_EXERCISE DESCRIPTION_
Write out word for word the lines from the one holding "Centre Unveils AI-Led" through the end of the data, and only those lines. Pictures stay out.

_DATASET EXTRACT_

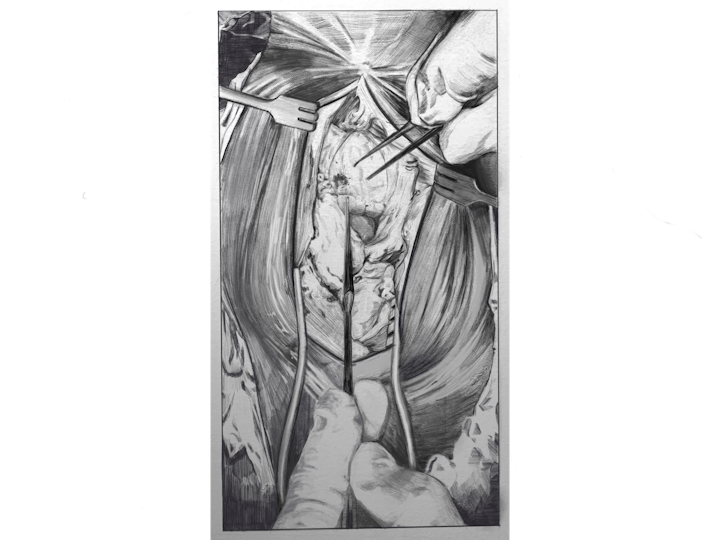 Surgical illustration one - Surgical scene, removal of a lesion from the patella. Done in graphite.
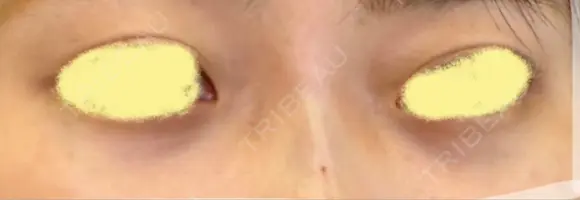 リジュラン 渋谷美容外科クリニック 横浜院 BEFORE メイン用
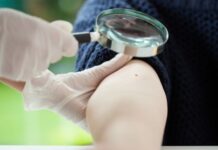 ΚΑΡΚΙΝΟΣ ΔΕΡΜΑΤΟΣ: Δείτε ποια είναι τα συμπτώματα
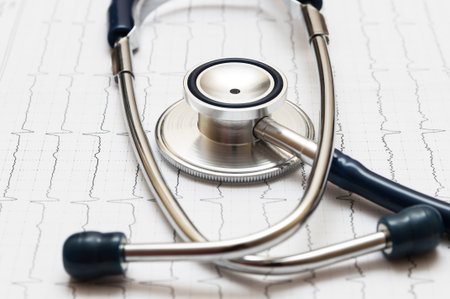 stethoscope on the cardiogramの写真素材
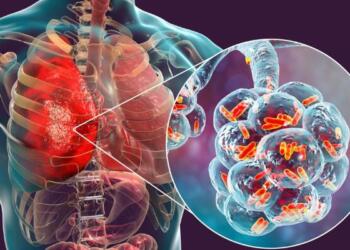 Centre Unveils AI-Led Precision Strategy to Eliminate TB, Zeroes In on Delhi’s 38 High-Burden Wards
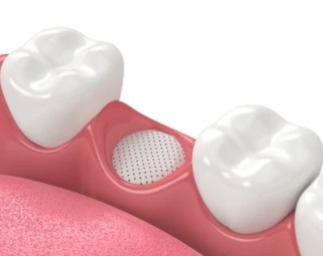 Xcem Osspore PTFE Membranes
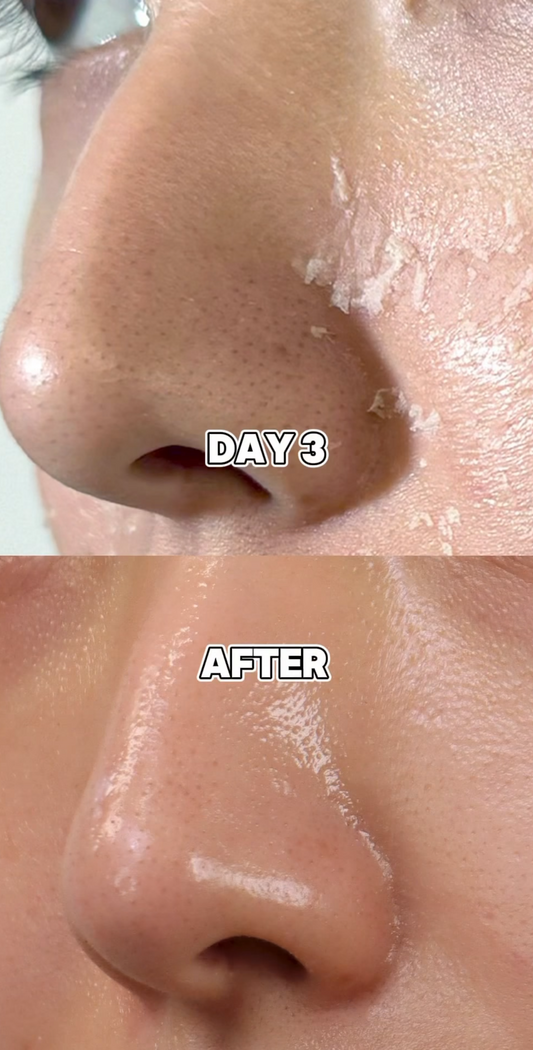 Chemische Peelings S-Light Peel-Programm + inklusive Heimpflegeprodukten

_EXERCISE RESPONSE_
 Centre Unveils AI-Led Precision Strategy to Eliminate TB, Zeroes In on Delhi’s 38 High-Burden Wards
 Xcem Osspore PTFE Membranes
 Chemische Peelings S-Light Peel-Programm + inklusive Heimpflegeprodukten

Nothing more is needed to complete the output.